TASK REQUIREMENTS
Only one stretch of the material below is wanted: everything from the line containing "Child having fun" down to the line containing "and amused 141786376", both ends included. Repeat it exactly and skip the pictures.

DATASET EXCERPTS
:::::

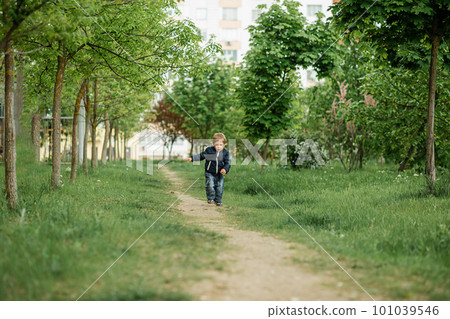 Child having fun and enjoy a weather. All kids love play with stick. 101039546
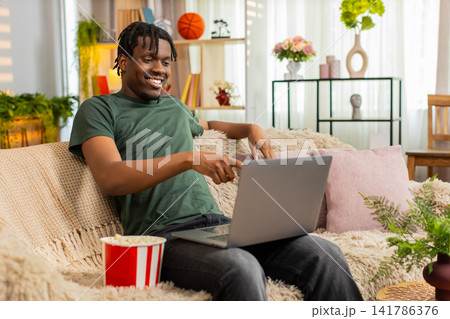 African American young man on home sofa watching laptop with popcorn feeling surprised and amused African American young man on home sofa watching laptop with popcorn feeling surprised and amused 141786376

:::::

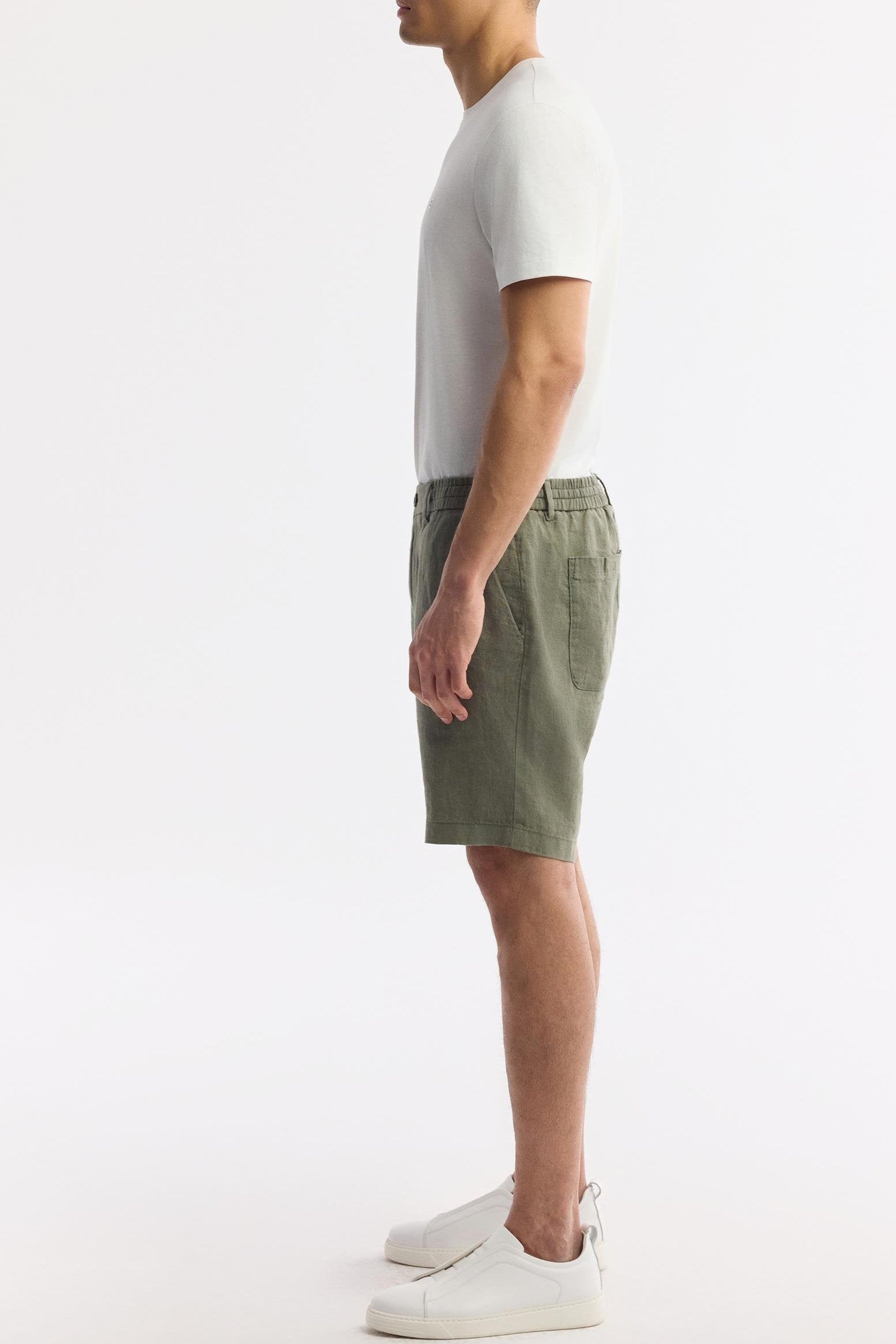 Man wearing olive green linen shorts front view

:::::

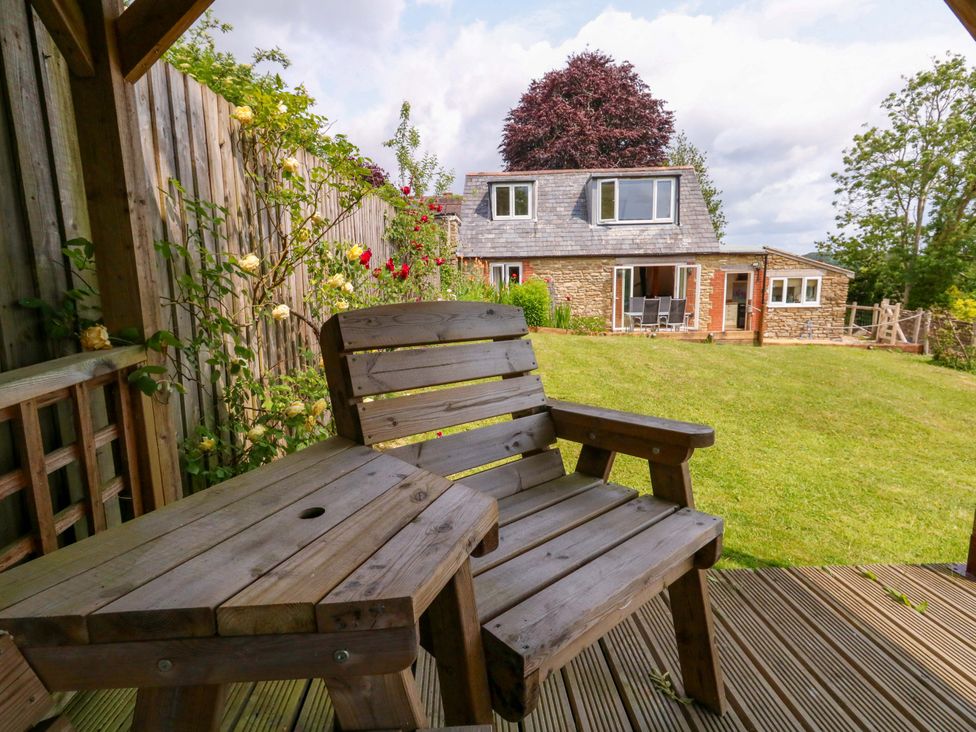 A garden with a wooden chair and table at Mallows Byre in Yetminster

:::::

RESPONSE TO THIS EXERCISE
 Child having fun and enjoy a weather. All kids love play with stick. 101039546
 African American young man on home sofa watching laptop with popcorn feeling surprised and amused African American young man on home sofa watching laptop with popcorn feeling surprised and amused 141786376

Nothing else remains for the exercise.